Infections that need hospital treatment are associated with increased risk of vascular dementia and Alzheimer’s disease, according to a new analysis, which included a primary cohort from Finland and an independent replication cohort from the UK.
Over the 15.4-year follow- up of the primary cohort, 1.1 per cent of the 260,490 people enrolled developed dementia. During the 7.7-year follow-up of the replication cohort, 0.4 per cent of the 485,708 people developed dementia.
Hospitalisation for any infection was associated with a 48 per cent increase in dementia risk in the primary cohort and more than doubling in the replication cohort.
The authors then restricted the analysis to cases that occurred more than 10 years after infection, to allow for undiagnosed dementia at baseline. In the primary cohort, severe infections increased dementia risk by 22 per cent. The UK cohort did not have sufficient follow-up data for this analysis. A dose-response association emerged between episodes of hospital-treated infections and dementia risk in both cohorts.
The greatest dementia risk was for central nervous system (CNS) infections, such as meningitis – a three-fold increase compared with no infection – but the risk was 47 per cent higher among people with non-CNS infections, such as pneumonia, appendicitis and gastroenteritis. Associations were stronger for vascular dementia than for Alzheimer’s disease in the primary (HR 2.09 and 1.20 respectively) and replication cohorts (HR 3.28 and 1.80 respectively).

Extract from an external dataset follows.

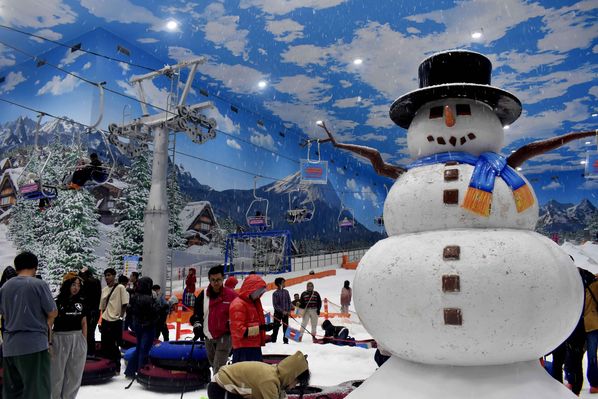 Mau Main Salju? Cek Promo Hari Pelanggan Nasional di Trans Snow World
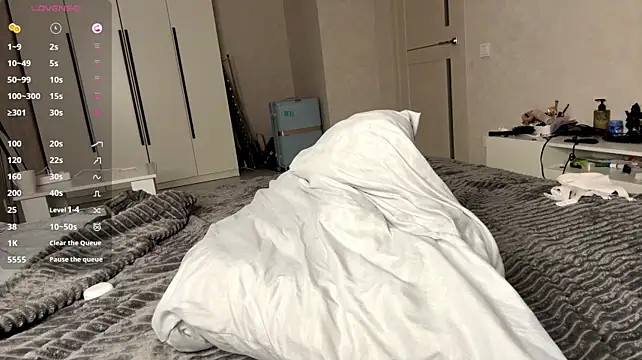 PrettyMenace live cam preview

The authors note that the “associations were similar for bacterial and viral infections and showed little specificity by type or severity of infection”. The finding suggests that systemic inflammation rather than specific pathogens drives dementia development.
They add that the findings “suggest that mechanisms contributing to vascular dementia might be particularly important drivers of the infection-dementia association”.